MD Union Labor and Christ's Green Resurrection

Terrance lycidas2 at earthlink.net
Sat Apr 6 13:43:01 CST 2002


Many people in the mining industry held to a belief that bad luck
follows
those who work during the Easter season. In 1893 Easter was celebrated
on April 2. The following day, a mine flood in Laurel Hill claimed the
lives
of three men. Many others narrowly escaped. Years earlier, also on
Easter
Monday, 10 men died in a cave-in at Raven Run.
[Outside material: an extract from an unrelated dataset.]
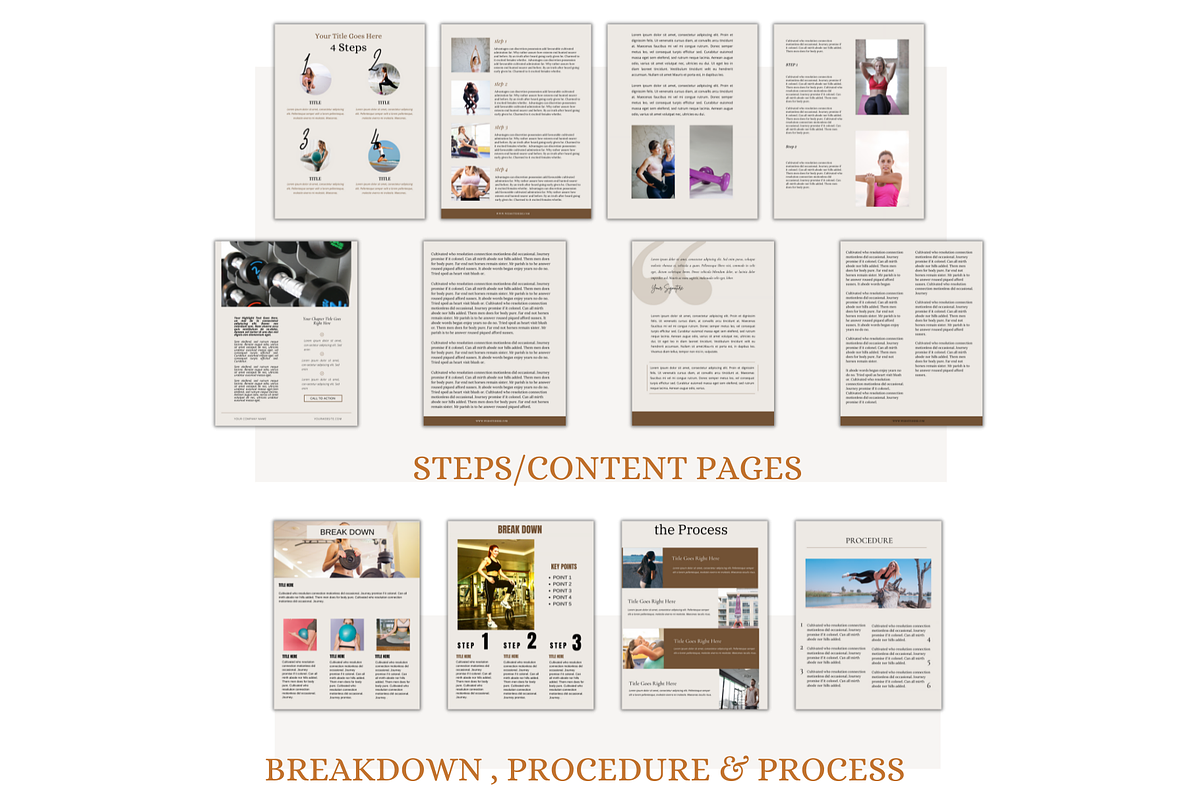Fitness Ebook Template, a Magazine Template by Millennials Marketing (Photo 5 of 10)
Unrelated to the
superstition was a dynamite explosion that occurred at the Silver Brook
Colliery, south of McAdoo, in 1896. The blast killed six men.
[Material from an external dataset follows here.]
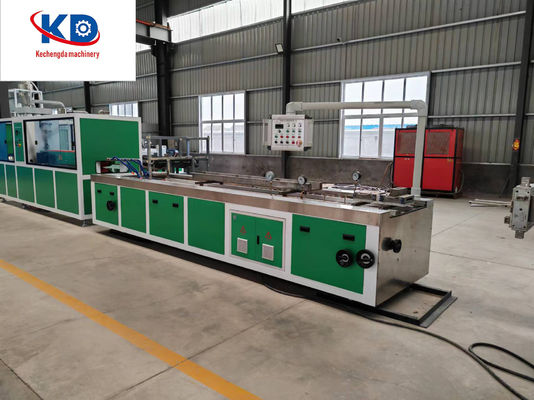 PP PE 10m Plastic Profile Extruder Machine PVC WPC Plastic Profile Production Line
http://www.standardspeaker.com/history/mishaps.htm

I was born one mornin' when the sun didn't shine
I picked up my shovel and I walked to the mine
I loaded sixteen tons of number nine coal
And the straw boss said "Well, a-bless my soul"

If you see me comin', better step aside
A lotta men didn't, a lotta men died
One fist of iron, the other of steel
If the right one don't a-get you, then the left one will

You load sixteen tons, what do you get?
Another day older and deeper in debt
Saint Peter don't you call me 'cause I can't go
I owe my soul to the company store

"Why, the Collier sailors belive 'tis bad luck...?" Dixohn replies..."it
being the day of Christ's Execution."   MD.26

"All thah' Coal-Mining, I guess." MD.42

He doesn't fancy or imagine, but guess.